Now, credit where it's due. The organization relating to the actual running of the races did go pretty smoothly: the courses were well marked out, huge numbers of beaming locals were rallied to provide support, and the race-bag pick-up at the finish lines worked well.

The less positive points, though, would be.... well, EVERYTHING else.

Amongst the points you might like to try to address next time, dear organisers....

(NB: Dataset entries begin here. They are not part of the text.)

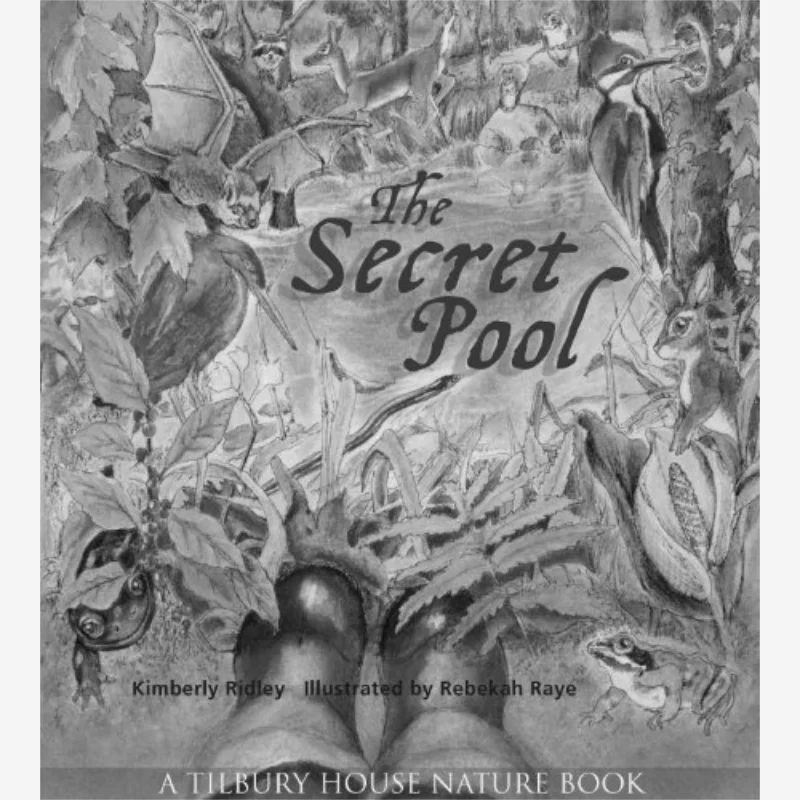 

The Secret Pool Kimberly Ridley Tilbury House 9780884483397 Book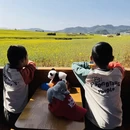 昆明旅游 缩略图 15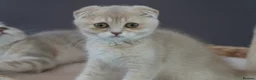 Munchkin cats for sale: ⚜️Rare munchkins⚜️ - Advert 10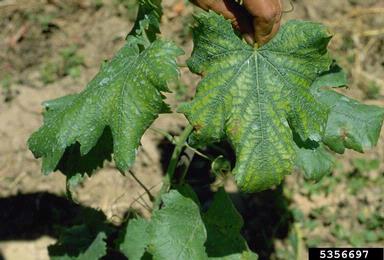 nutrient deficiency (  ) on wine grape (Vitis vinifera ) - 5356697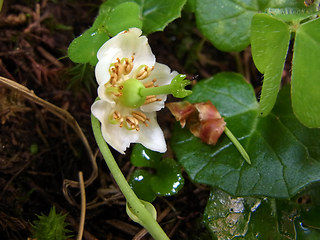 Moneses uniflora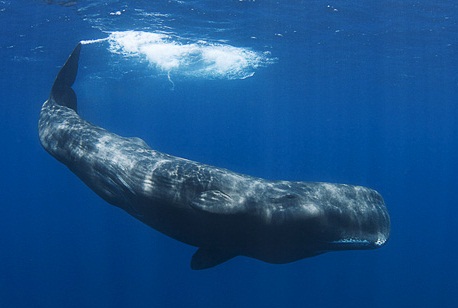 Best of Sperm whale semen Softcore porn community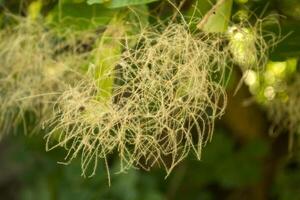 le vert feuilles macro tir. photo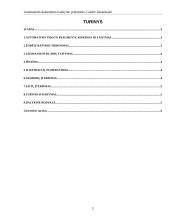 Automatinės dokumento tvarkymo priemonės 2 puslapis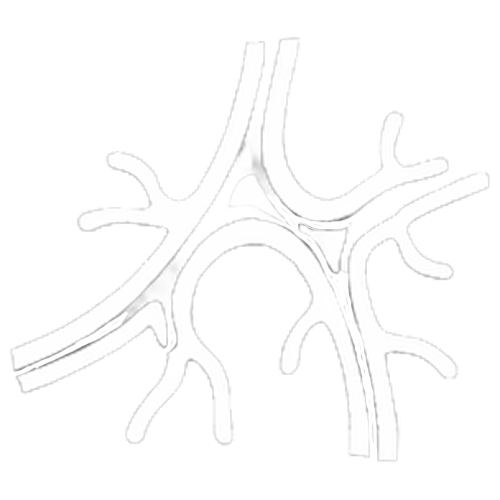 MikrozirkulationIcon2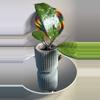plant/Hoya Michele-0-thumbnail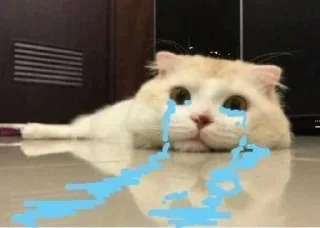 😭 emoji Your stickers - @my_stckers_bot Telegram sticker 19 of 120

1)  Provide as much advance information as possible.
This is a perennial vice in China. I'm sure most of the salient details of this event - the dates, the courses, the accommodation arrangements - must have been finalised weeks or even months ahead; but nobody saw fit to pass any of this on to the participants. I hold Beijing's Heyrobics group, who were working as agents to recruit foreign participants for the event, partly culpable here as well. They were pretty hopeless at passing on promptly even what pitifully little information the organisers had deigned to give them. I had, for example, been led to believe that the event was to be centred around Guizhou's provincial capital of Guiyang. I had therefore planned to travel to the prettier and more touristy city of Kaili in the east of the province under my own steam after the event. I only found out the day before I flew down there that in fact the event was centred around Kaili, and thus had to change my hotel bookings to arrange some time in Guiyang instead. Lack of information about the locations and hotels to be used had scuppered the hopes a few friends of mine had had about possibly coming down to support me during the weekend. And none of the participants from Beijing had been told that the final day's race was based in Zhenyuan, another 2 hours or more east of Kaili, and at least 5 hours away from Guiyang airport - a fact which made it severely impractical to try to join the event for the last day only, as many had been encouraged to do. (Several people, in fact, came within an ace of missing their flights home. My pal Ruby only made hers - with minutes to spare - because she had eventually managed to browbeat her minibus driver into taking her straight to the airport rather than making drops in Guiyang city centre first.) And so on.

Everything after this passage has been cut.